One policy area per policy

If two EnterpriseAgentgatewayPolicy resources target the same Gateway or route with overlapping backend.ai fields, one silently overwrites the other based on creation order, and both still report ACCEPTED and ATTACHED. Keep auth, rate limiting, and guards in separate policies, as the examples above do, so they compose instead of clobbering each other.

Checklist

Standing up virtual keys

Two different keys: the provider credential hides at backend.policies.auth.secretRef, the virtual key is the client-facing handle in the API-key Secret.
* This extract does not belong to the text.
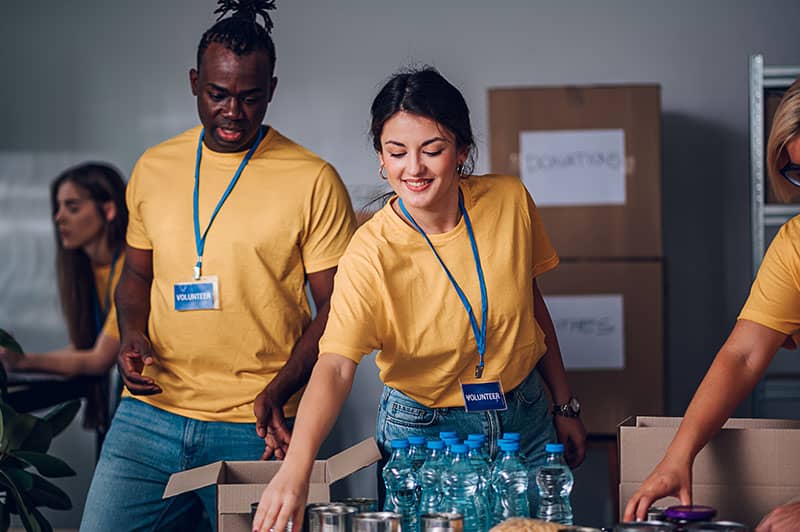 group-of-multiracial-volunteers-working-in-community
Don't conflate them.
Identity rides on key metadata. metadata.user_id is what the rate limiter and the metrics both key on, pulled out with apiKey.metadata.user_id in CEL.
Budgets need both halves: the rateLimit policy declares what to meter (unit: Tokens, keyed by user), the rate-limit-server ConfigMap holds how much. The domain and descriptor key must match across the two.
Use mode: Strict on apiKeyAuthentication so a missing key is rejected, not waved through.
Rate limiting runs before prompt guards, so a request blocked by a guard has still spent budget. Authentication runs before rate limiting, so a bad key spends nothing.
Scale by adding metadata, not new machinery: a tier field gives you tiered budgets, a tenant_id field gives you multi-tenant keys, both as extra descriptor entries.
Split auth, rate limiting, and guards into separate policies. Overlapping backend.ai fields in two policies silently overwrite by creation order while both show healthy status.
Keep metric label cardinality sane. user_id is fine for spend tracking; resist adding high-cardinality labels that will overwhelm Prometheus.